Hoje tenho quarenta e um anos, não sou mais criança, adolescente ou
jovem, hoje sou uma pessoa madura, segura do que quero de minha vida, apesar de
sempre ter abdicado de meus sentimentos em razão da felicidade dos demais.
Não sou uma má pessoa, não tenho culpa de ser como sou não escolhi ser
assim, mas hoje tudo chegará ao fim, sofrer mais? Ver meus pais, minha família
sentirem vergonha do que nunca tiveram coragem de dizer, do que nem eu tive
coragem de assumir?
Aos oito anos de idade me olhei no espelho e quis ter seios, quis ter longos
cabelos, quis usar batons, quis ser menina como minhas irmãs, aos oito anos de idade
me vi perdido num mundo que só eu sabia que existia.

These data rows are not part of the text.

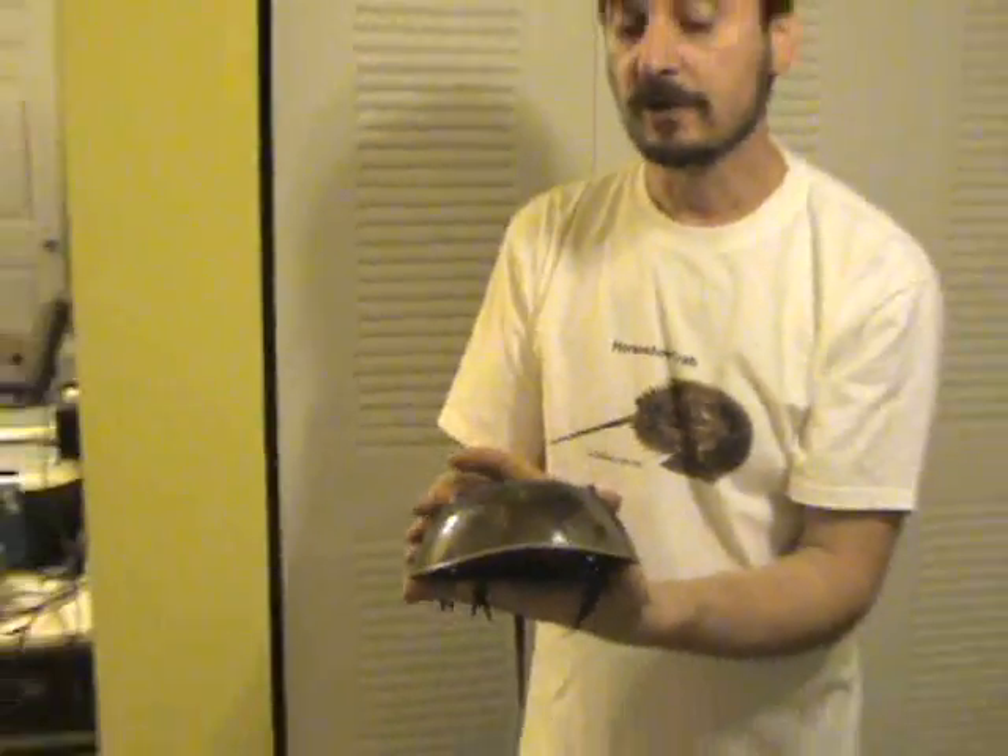If you'd like to learn more about Horseshoe Crabs, just go to horseshoecrab.com — that's horseshoe-crabs.com. Thank you for watching.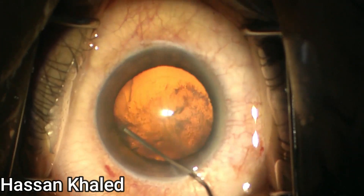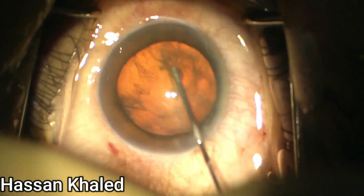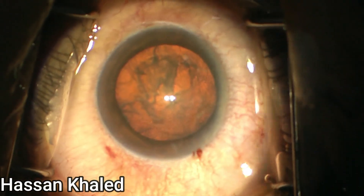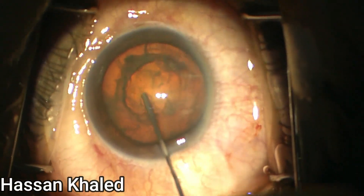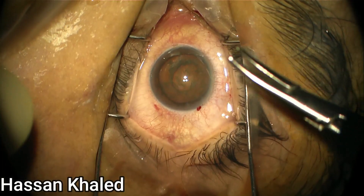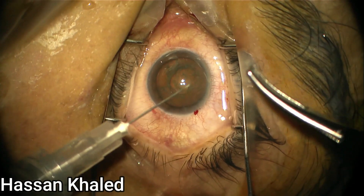Then you can empty the anterior chamber slightly and do hydrodissection. In this technique it is very crucial to obtain a complete hydrodissection, then gentle viscodissection of the superficial cortex.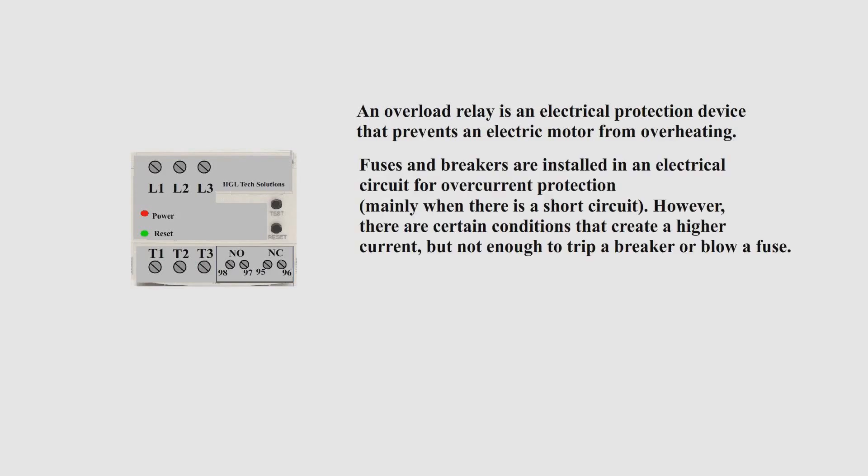Fuses and breakers are installed in an electrical circuit for overcurrent protection. There are certain conditions that create a higher current but not enough to trip a breaker or blow a fuse.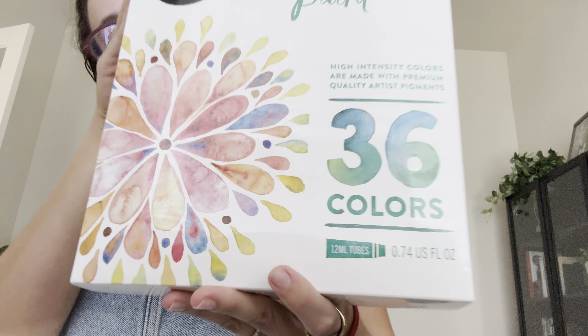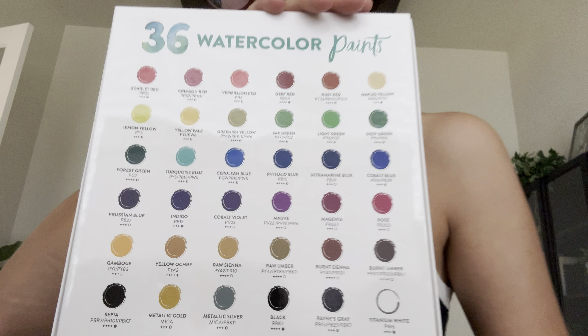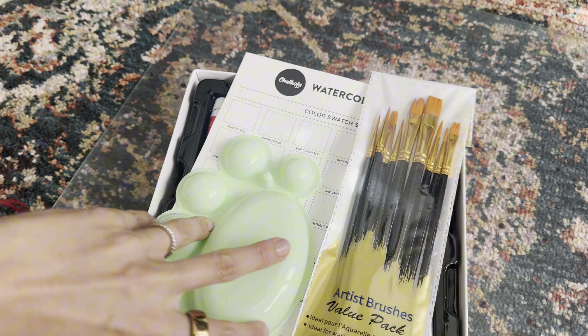This is the Chocola Watercolor Paint Set for adults and kids. This is for both beginner and professional level artists. It comes with 36 watercolor tube sets, each with 12 ml's — 0.4 ounces. There are 10 painting brushes and one palette.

Quando saía para escola, minhas irmãs se arrumavam, amarravam os
cabelos, passavam batom, pintava os olhos e eu desejava tanto aquilo para mim, o
tempo foi passando, quis usar as roupas das bonecas, quis ser linda (lindo), quis tanto
ter uma vida de menina.
Cresci e nunca apresentei uma namorada, nunca fiquei com uma menina,
nunca fui para as baladas como todo jovem de minha idade, meus pais chegaram a
acreditar que eu usava drogas, achavam que eu tinha algum problema psicológico ou
coisas do tipo, fiz durante muito tempo análise, mas sempre fui uma pessoa muito
inteligente, frequentava a igreja e buscava cura não sei de que, já que não estava
doente, participava de tudo na igreja, sempre fui bastante querido por lá, até...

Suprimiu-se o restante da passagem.